When it comes to 80s toy properties, the comic books associated with them were sometimes pretty intense. The G.I. Joe comic written by Larry Hama took a real-world approach to the often far-out material. The mini-comics that came packaged with Masters of the Universe figures took the subject matter pretty seriously as well. The ones that I remember, particularly the first issue, were clearly inspired by Frank Frazetta’s fantasy imagery, filled with big mean barbarians, scantily clad ladies, and ferocious beasts. People who regard these properties as campy are remembering the cartoons, not the comics. As an adult I can go back and read the old comics and genuinely enjoy them. When it comes to re-watching the Joe, Transformer, and MOTU cartoons from the 80s, well that’s a bit tougher. The toons were intended for children and were probably under much stricter guidelines when it came to violence and subject matter. Evil henchmen like the Joe’s Dreadnoks or MOTU’s Beastman, who were written as threatening in the comics, became bumbling buffoons on the TV screen. Villainous leaders like Cobra Commander and Skeletor were often portrayed as cowardly and incompetent, and episodes always ended with the good guys laughing and patting each other on the back. One of the main reasons that people remember these properties as campy is because of their goofy brand of comedy. Silly sidekicks like the Thundercats Snarf or She-Ra’s Kowl were often created to provide comic relief. Of all the silly cartoon sidekicks from the 80s, Orko is probably the one most remembered.
The Masters of the Universe cartoon debuted in 1983. It was based on the MOTU toy line released by Mattel a year earlier. Orko did not originally appear in the toy line and was created specifically for the show. He was one of the main characters and was featured in most of the episodes. A figure of him was eventually released in 1984. Neither my brother Doug or I ever owned Orko as a kid. Neither of us ever really cared for him. I was pretty young back when the cartoon was on and I was probably the demographic that Orko was supposed to appeal to but he didn’t do anything but get on my nerves. He was always messing up spells and hogging screen time that could have been devoted to cool characters like Buzz Off and Stratos.
Not only did Orko kind of suck in the cartoon but his toy sucked as well. He was very stiff and awkward looking and his scale was off. He did not blend in very well at all with the other MOTU figures.

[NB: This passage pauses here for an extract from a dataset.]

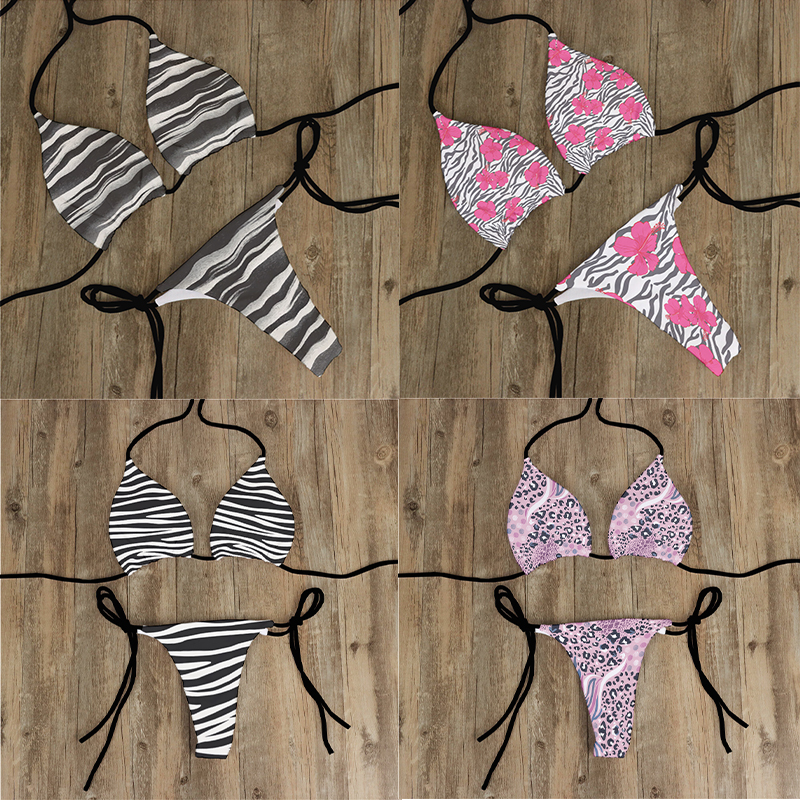Traje de baño con estampado de animales para mujer, Bikini Sexy, calzoncillos, Tanga, bañadores, ropa de playa, bañadores sexys para mujer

When Mattel relaunched MOTU with a new cartoon and toy line in 2002 they recruited toy designers extraordinaire, the Four Horsemen, to redesign the characters with cool, contemporary new looks. Not to take anything away from the Horsemen but I would say that for most of the characters the redesign process would have been relatively easy. I mean, how hard could it be to make characters like Skeletor, Roboto, and Mer-Man cool? They were already super cool. I imagine the challenge would lie in reimaging crap characters like Orko. So how did the Horsemen fare in the endeavor? I’d say they did the best they could with what they had to work with.
The 2002 Orko figure is a way better toy than the ’84 figure, that much is obvious. The issues of awkward stiffness and being out of scale with the rest of the line have been rectified. He’s got way more articulation with joints at the neck, shoulders, wrists, and waist. Like all of the figures in the 2002 line Orko is sculpted in a dynamic action pose. His cloak is swishing with plenty of detail and realistic folds. Nice sculpting can be found throughout the mold. His hands are sculpted to look as though he’s about to conjure, and probably bungle, a magical spell. His scarf is molded to look as though it’s in motion and his lower half is sculpted in such a way that it appears as though he has an invisible knee up. There’s a nice “energy” to this figure.
One of the biggest improvements over the original is the translucent green base that’s been added. In the cartoons, the diminutive Orko always levitated at He-Man’s eye-level. The original legless toy just sat on the floor at He-Man’s groin level. With this version the scale of Orko is much better and the added base of “floating magic” or whatever brings his eye level up to that of the other figures. It’s a clever fix and it looks great, though I do wish that the figure could be popped off of the magic base.
The only place where this figure maybe falls flat is in the eyes. He retains the same big googly floating yellow eyes that he’s always had. If he had been given small , solid color eyes, maybe with some light-piping to give a glow effect, then Orko would have actually been cool. As it is, the big eyes keep him from being cool in the bad-ass sense but at least they’re true to the character’s original design and comedic appeal. I guess I can’t fault the Horsemen and Mattel for wanting to keep the updated Orko on the lighter side of things. After all his portrayal in the 2002 cartoon was about the same as it was in the 1980s cartoon. This is a nice figure of a goofy character. 6 out of 10.